Threat Protect released a good result. Assisted by recent acquisitions, revenue increased 58%, and a net profit of $1.7m was delivered.
The result showed a step-up in H2 (vs H1) revenue for Monitoring - with this division being the major contributor to the company's earnings. This bodes well in relation to the growth outlook for FY-18.
The company is actively pursuing further acquisition opportunities in the monitoring sector, so as to leverage the company's current infrastructure and add to future earnings growth.
Emeco's result is three-quarters of the old Emeco business, plus the fourth quarter of the combined Emeco / Andy's / Orionstone business (include a debt restructure and capital raising). So the numbers in the table below are pretty messy, and what is really important is what the fourth quarter looks like, excluding the business combination related costs.
Firstly, to macro factors. Demand is increasing - as shown by the utilisation trend above.

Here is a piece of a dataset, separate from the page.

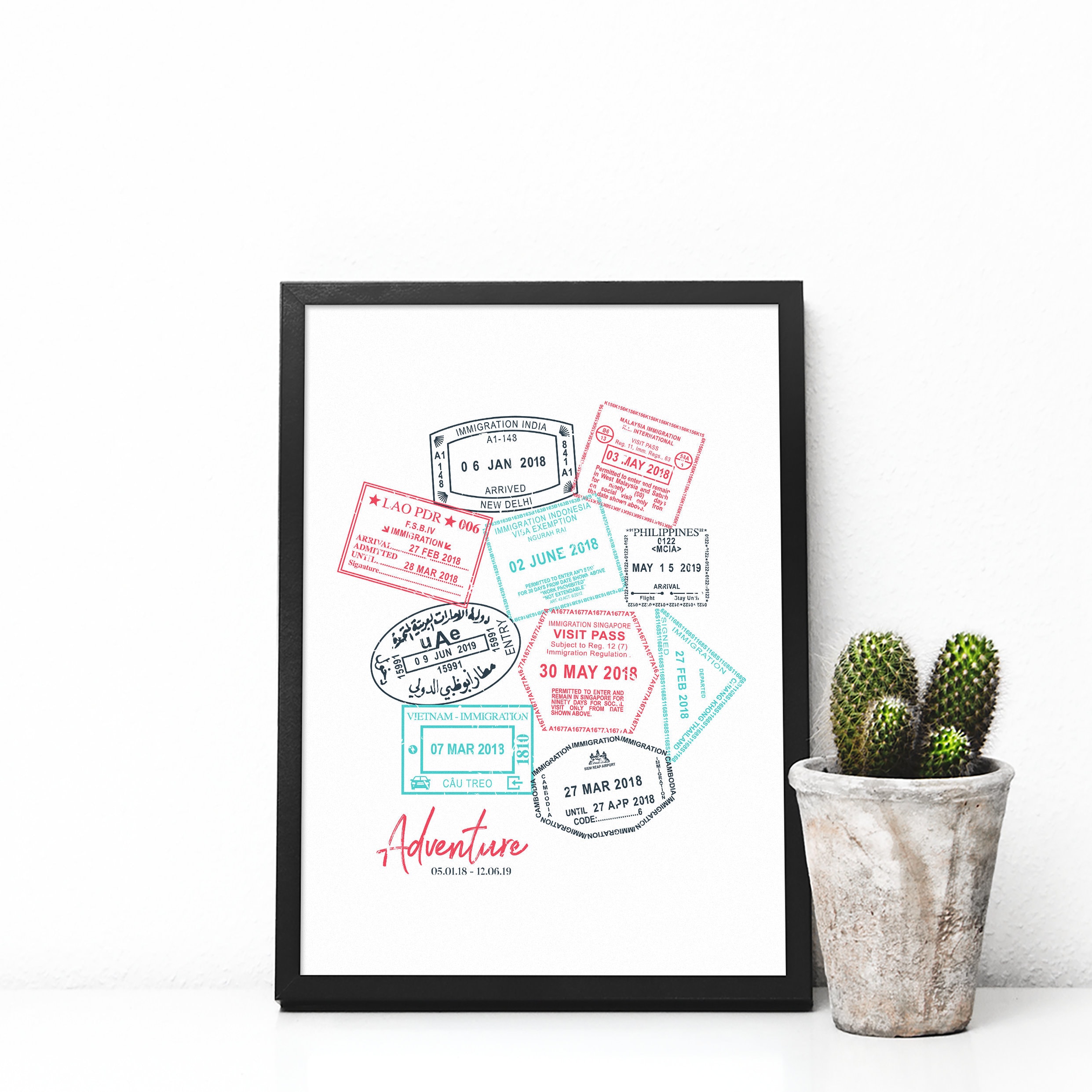 Passport Stamps Vinyl Waterproof Decal - 5 Inch Weatherproof Sticker For Cars, Laptops & Windows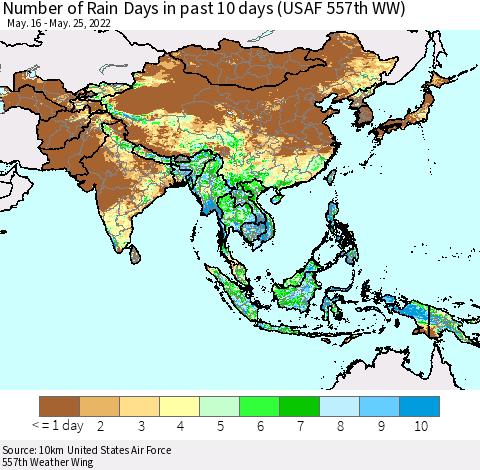 Asia Number of Rain Days in past 10 days (USAF 557th WW) Thematic Map For 5/21/2022 - 5/25/2022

Commodity price outlooks are stable to positive (except for a decline in the elevated metallurgical coal price), and production forecasts are for growth over the years 2018 to 2021. Additionally, the equipment market is tightening (reducing inventory, longer lead time for components and equipment, increased equipment prices), meaning margins need to and will increase.
Operating earnings before interest, tax, depreciation and amortisation (EBITDA) was $83.5m in FY-17. The Q4 EBITDA was $29.5m but was self-impacted by one-off costs associated with preparation work on the fleet obtained from Orionstone and Andy's. Additionally, $15m of annual cost synergy savings are expected with the combined group. Based on First Samuel's analysis, we assess the company can comfortably deliver an EBITDA of $185m+ for FY-18.
Furthermore, with declining interest costs and depreciation costs (a major impact for essentially high asset / capital value companies such as Emeco), a positive profit figure is forecast for FY-18.
TZ Limited results, although a loss, showed a continuing improvement in the underlying trend. This is especially in relation to revenue growth, and EBITDA. We understand that the company is now cash flow positive, with the next step being to make a net profit. Product sales / orders on hand point to a positive start to FY-18.
Due to project delays in H2 of FY-17, some revenue and associated earnings moved into FY-18. Gross margins improved due to a more favourable business mix. Cost saving initiatives are underway (e.g. rental costs, manufacturing) and the company is motivated to leverage the company's technology to achieve a successful FY-18.